I managed 40-odd transactions and got 100% positive feedback, and I even got a little yellow star next to my seller ID. Suddenly, out of nowhere, I got an email from someone accepting the ‘second chance offer’ I had made them for a guitar – a Gibson Les Paul Gold Top for £700. I have never owned one of these, never had one on eBay and certainly wouldn’t sell it for £700! I emailed the prospective buyer and said so.
Then I got another email, similar to the previous one, only this time I had apparently offered someone a Rolex Oyster for £500. Shortly after that, I got a series of very threatening emails from someone who had apparently sent me £800 via Western Union demanding to know where their goods were. I reported all this to eBay, who immediately suspended my account.
Then I got a series of spoof emails purporting to be from eBay asking for my bank/credit-card details to reinstate my suspended account. I reported these spoofs to eBay. They sent me a bill for over £300 (which I refused to pay). They keep sending me bills for this £300, and they have referred the ‘debt’ to a collection agency.
Throughout this saga (which has been going on for 18 months), it has proved impossible to contact eBay. Any emails are dealt with by auto-responder, and on the rare occasions that a human gets in touch, they refer me to a section of the eBay site that I can’t access because they have suspended my account! (They claim you can still get access, but you can’t; you can’t contact them to tell them you can’t because... the account is suspended). Their security is a shambles and their customer service a joke, so I would advise extreme caution in any dealings with them!
GAN is excellent, however!
Best regards,
Ian Morton-Jones
Stuart Maclaren replies:
I sympathise with you, Ian. I have personally found buying and selling to be relatively trouble-free during the twenty months that I have been trading, but I know that others have not had such a nice time of it.
There is no doubt that security is a real problem on eBay, and it seems to be getting worse. In the last few months I have seen more and more sellers adding statements to their listings to the effect that ‘we never give second chance offers’, while others are taking advantage of the fact that you can hold anonymous auctions where the bidder’s identities are protected (from the seller as well as from other buyers, interestingly).
The reason for these precautions is that, as you say in your letter, spoof emails are common and identity theft is not unknown.
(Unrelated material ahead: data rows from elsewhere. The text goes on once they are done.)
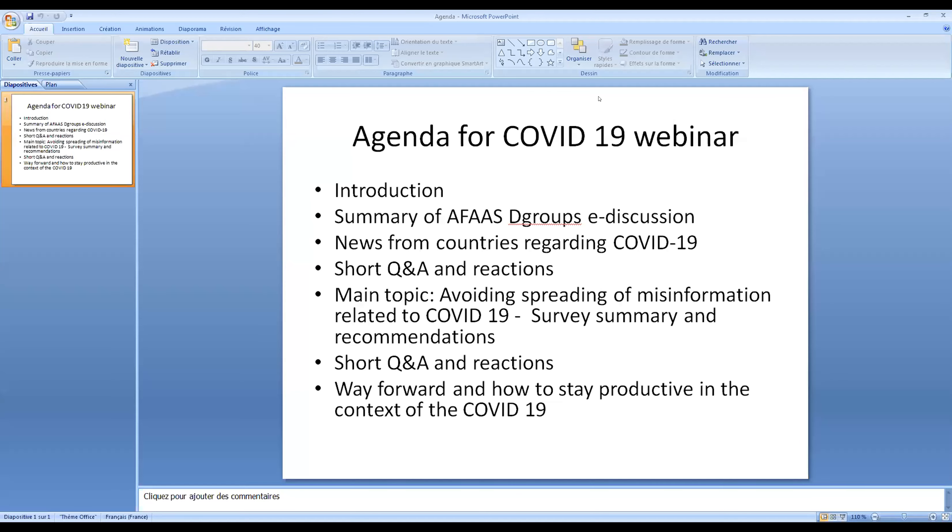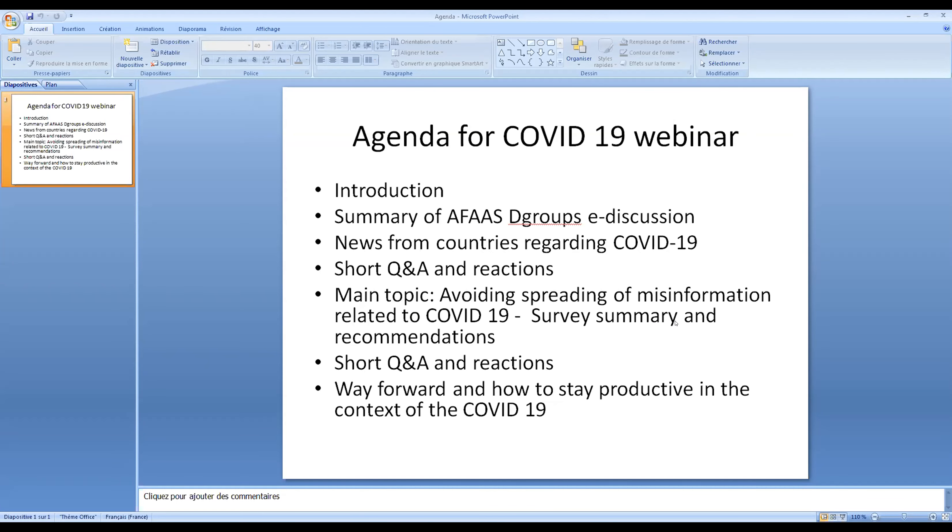So this is the agenda for today. There's a very short introduction and summary of the AFAS-D group discussion. Then we would like to hear a little bit from countries, very short interventions from each one of us here. And then we have a short Q&A and reactions from the participants. Then we'll go to the main topic, which is how to avoid spreading of misinformation related to COVID-19. And then we'll show you also the summary of the recommendations. Then we can again come to a question and answers and reaction, and we will see how we move forward, what will be the way forward in COVID-19 in the AFAS network. So that is our agenda summary.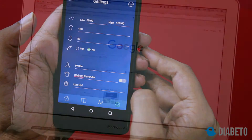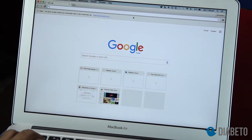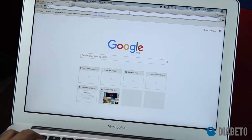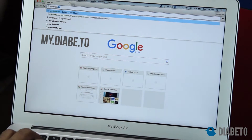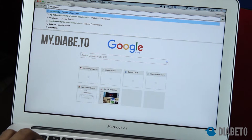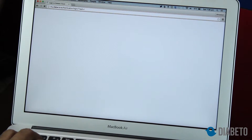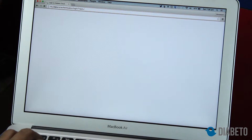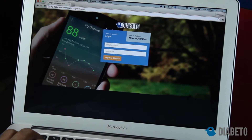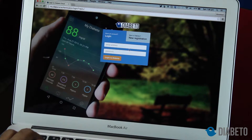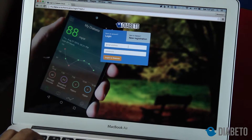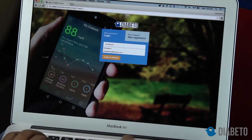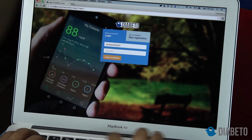That's it about the mobile application. Now let's log in to the Diabito cloud. Open your favorite browser and type in my.diabe.do. I will use the same username and password I used for the Diabito Android application and log in to my account.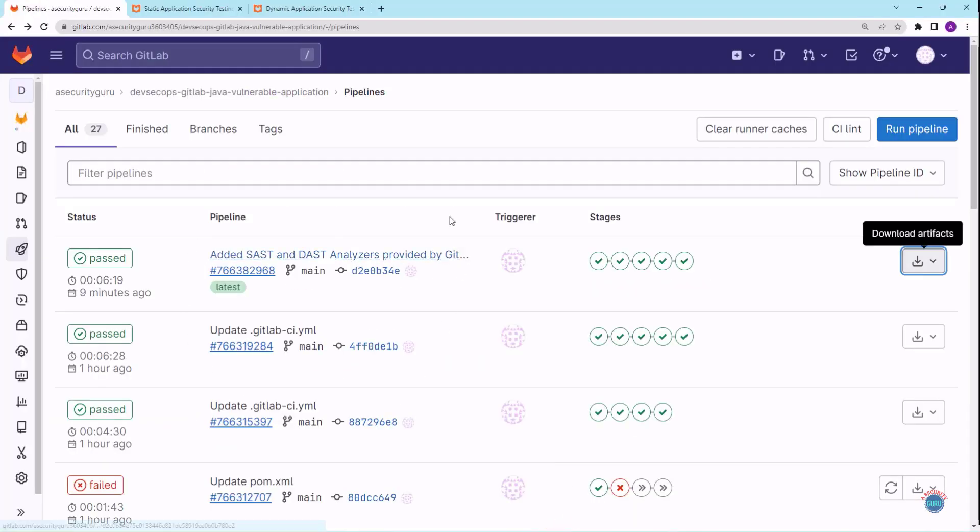This was all about integrating SAST and DAST analyzers provided by GitLab. I hope you have enjoyed this lecture. Thanks for watching. See you in the next lecture.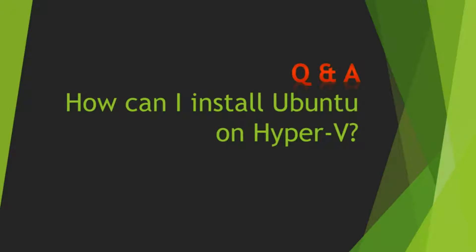In my video about installing Node.js on Ubuntu, I installed Ubuntu on Hyper-V. So you might ask me, how can I install Ubuntu on Hyper-V?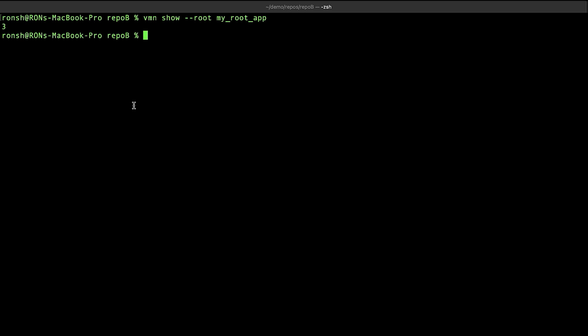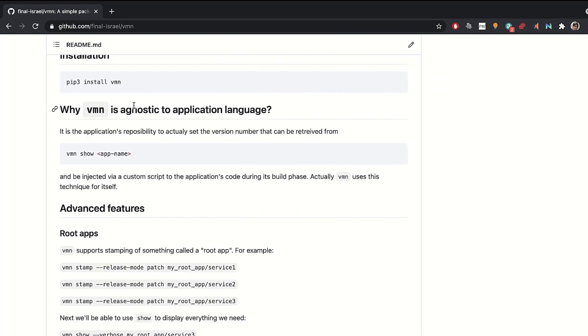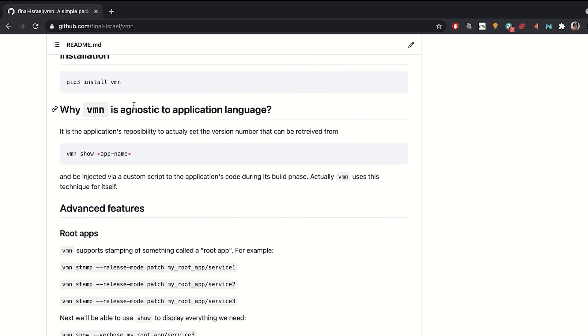This concludes our tutorial regarding Root App Stamping. For more information, please visit our GitHub page. Thank you for watching. We've just completed our second and final tutorial for this lecture. With the Root App feature, we have successfully tackled the challenge of managing complex service-based applications. Very interesting, Ron. Let me tell you about how we use VMN today.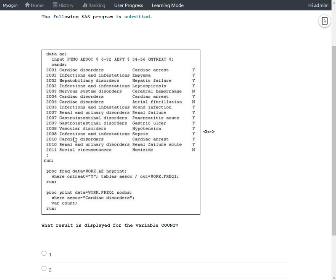And then on the fourth instance of Cardiac disorders, we have a value of Y. Out of the four Cardiac disorders, only three has a value of Y in ONTREAT. So effectively, the output dataset from PROC FREQ would only have a value of three on Cardiac disorders row.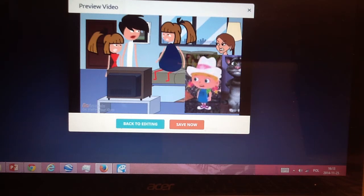You are grounded, grounded, grounded for one.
Indeed, while I have been putting this edition of GAN together I have received another email purporting to come from eBay, which said:
Dear eBay user,
We have ended the following auction(s) on your account as they appear to have been listed by a third party without your authorization:
2486194040 Harley-Davidson : VRSC : VRSCA
2486164312 Harley-Davidson : Touring : Touring FLH
2485662048 Volkswagen : Beetle (Pre-1998)In order to resolve this matter, please click here to verify your account information:
Thank you for your patience in this matter. Regards, Customer Support (Trust and Safety Department) eBay Inc
Which is darned cunning, especially because it seems that you are being warned about potential fraud, little knowing that by logging on and giving the hackers all your eBay information you are being taken in by one! This is just the latest and most cunning of these email messages, but there have been many others.
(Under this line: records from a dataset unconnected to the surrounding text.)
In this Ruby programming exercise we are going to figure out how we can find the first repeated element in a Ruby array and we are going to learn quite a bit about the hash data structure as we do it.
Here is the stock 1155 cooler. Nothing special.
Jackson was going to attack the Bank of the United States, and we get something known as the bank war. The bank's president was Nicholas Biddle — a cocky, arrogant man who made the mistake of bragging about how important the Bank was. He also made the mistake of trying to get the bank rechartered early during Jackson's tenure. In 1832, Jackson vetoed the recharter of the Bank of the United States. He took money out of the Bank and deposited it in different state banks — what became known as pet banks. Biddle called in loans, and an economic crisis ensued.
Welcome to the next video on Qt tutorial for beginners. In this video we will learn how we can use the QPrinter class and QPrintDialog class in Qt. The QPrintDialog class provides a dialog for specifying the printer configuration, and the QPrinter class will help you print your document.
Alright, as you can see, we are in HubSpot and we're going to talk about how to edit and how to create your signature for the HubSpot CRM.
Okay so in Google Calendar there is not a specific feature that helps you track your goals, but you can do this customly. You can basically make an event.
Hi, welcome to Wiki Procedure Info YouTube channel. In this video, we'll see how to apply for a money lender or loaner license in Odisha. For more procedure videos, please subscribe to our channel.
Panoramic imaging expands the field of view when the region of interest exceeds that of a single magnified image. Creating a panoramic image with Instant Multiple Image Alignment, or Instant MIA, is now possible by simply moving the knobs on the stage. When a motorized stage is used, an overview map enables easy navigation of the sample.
I think that eBay do their best to stop it happening (they employ something like 800 people to deal with security alone), but whatever they are doing doesn’t seem to be making very much difference. As for their customer service, I agree that it is very poor indeed. Every time I have had a minor query, the only response on offer has been an automated message of some sort, and that really isn’t good enough.
The clever thing about eBay, as they admitted on a recent edition of The Money Programme (if memory serves), is that they make hundreds of millions of pounds without having to store, sell or transport anything – we do all the work. They act as an electronic version of a postcard in the window of a sweetshop – nothing more – and it seems as if that is all they want to be.
I hope that £50 will be some small recompense for your troubles and that it will help you in your fight against the might of eBay. Do write again and let us know how it all pans out. The rest of us will simply have to ignore any emails that ask us for sensitive information and keep a close eye on all our eBay accounts, keeping a special look out for strange messages or unusual activity.
Thank you for your kind words about GAN, though – no spoofs here!